Rückschlag für das Führungsdoppel
An der Manipulation soll auch mindestens ein Händler der Deutschen Bank beteiligt gewesen sein. Die Folgen für das größte deutsche Institut sind weiter unklar. Reichen sie bis ins Topmanagement? Könnte der Skandal gar zur Gefahr für die neue Bankführung und dabei besonders den zur fraglichen Zeit für Investmentbanking zuständigen Co-Chef Anshu Jain werden? Für ihn und seinen Mitstreiter Jürgen Fitschen sind die Ermittlungen auf jeden Fall ein Rückschlag.
Beide sind mit dem Versprechen angetreten, das Institut aus den Negativschlagzeilen zu bringen, in die es wegen immer neuer juristischer Auseinandersetzungen regelmäßig geriet. Nach bisherigen Erkenntnissen kann ihnen jedoch allenfalls eine zu laxe Kontrolle vorgeworfen werden. Es gibt keinen Hinweis, dass Jain oder ein anderer Topmanager ähnlich wie Bob Diamond, der zurückgetretene Chef von Barclays, direkt Einfluss auf die Libor- und Euribormeldung genommen hat.
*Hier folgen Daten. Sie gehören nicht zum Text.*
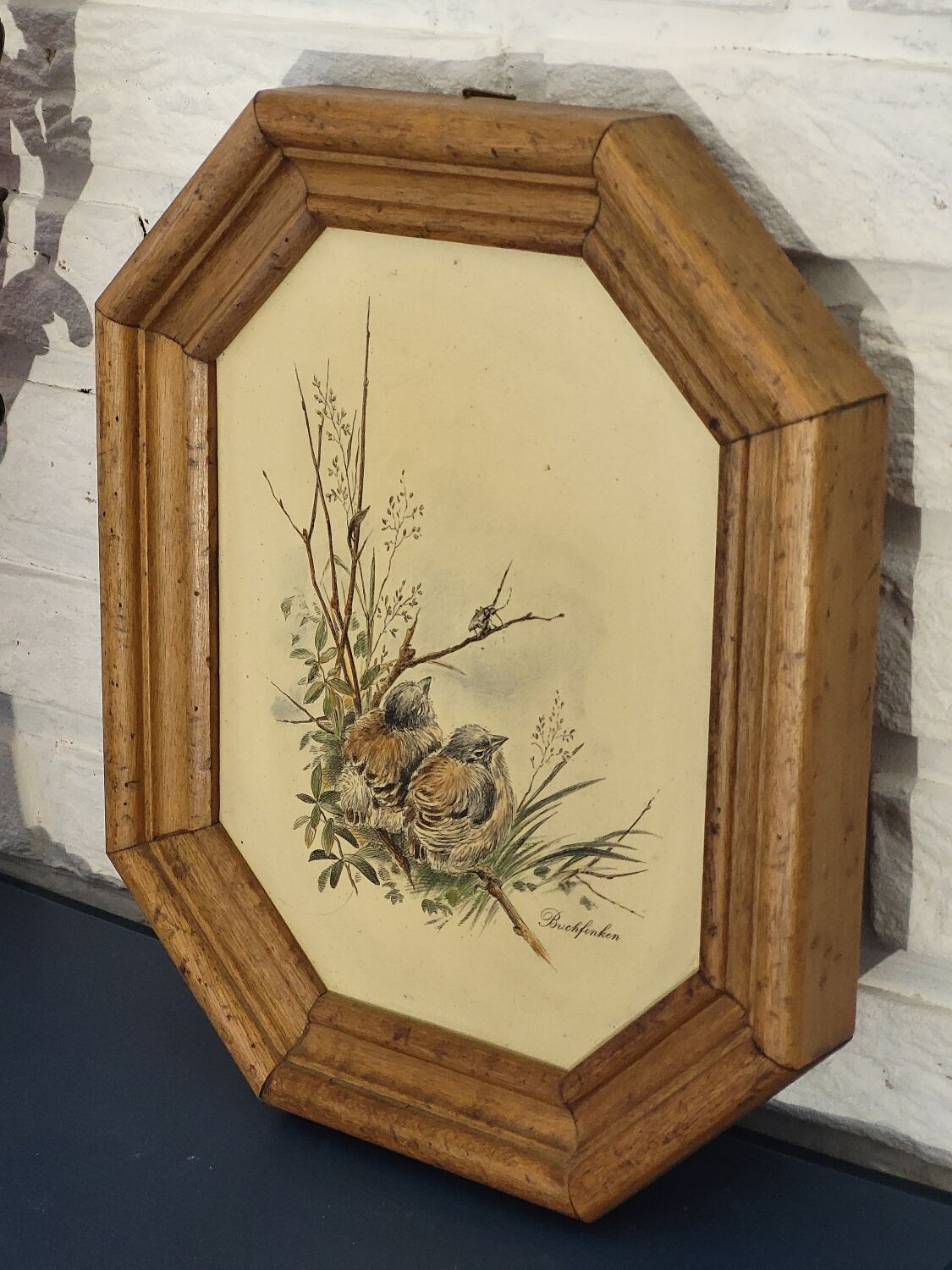 Illustration oiseaux vintage sur panneau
Und es gibt gute Gründe zu glauben, dass es so bleibt.
Die Deutsche Bank war Ende 2008 zwar auch in der Krise, Investoren misstrauten ihr aber nicht so stark wie dem britischen Konkurrenten. Und dass eine ganze Bank ihre Handelsstrategie auf einem manipulierten Libor aufbaut, ist so gut wie unmöglich. Letztlich gleichen sich die Forderungen mit Libor-Grundlage in den Büchern aus.
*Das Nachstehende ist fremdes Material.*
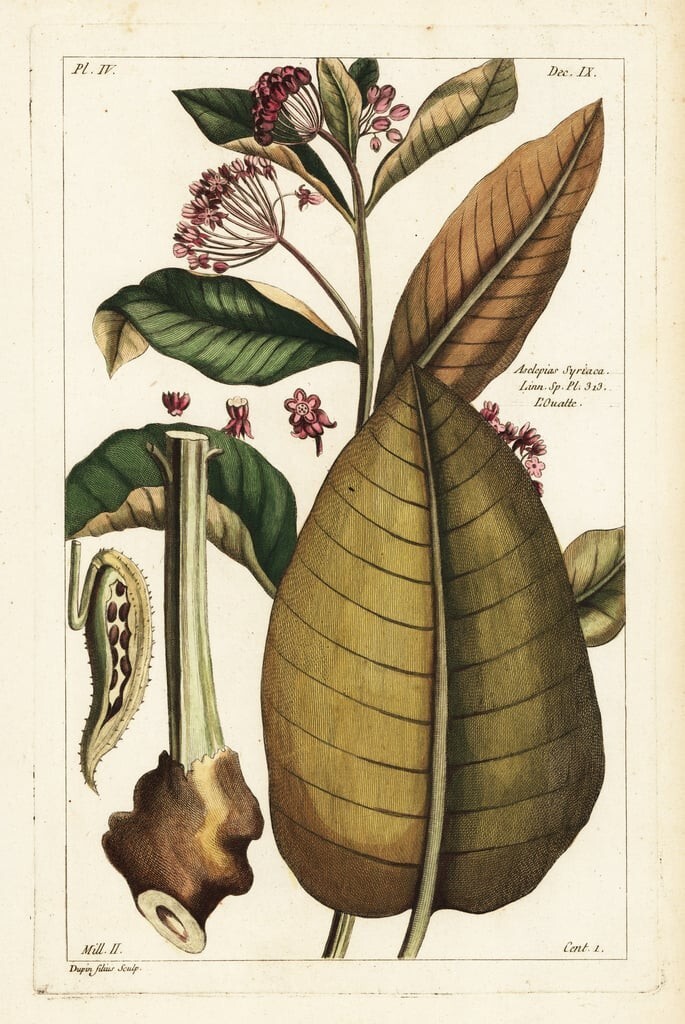 Common Milkweed Seeds, Asclepias syriaca -Farm Heirloom Seed, Natural No Chems!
Das ist aber nur eine teilweise Entlastung. Sollte die derzeit laufende Sonderprüfung der Bafin schwere Organisationsmängel zu Tage führen, träfen die Jain direkt. Hinweise darauf, dass der Libor nicht ganz ordnungsgemäß lief, gab es schon seit Jahren. Ob sich dadurch etwas an den internen Kontrollen in der Bank geändert hat, wird erst die Prüfung zeigen. Bis dahin bleibt der Bank nichts anderes übrig als sich kooperativ zu zeigen. Und auf ein gutes Ende zu hoffen.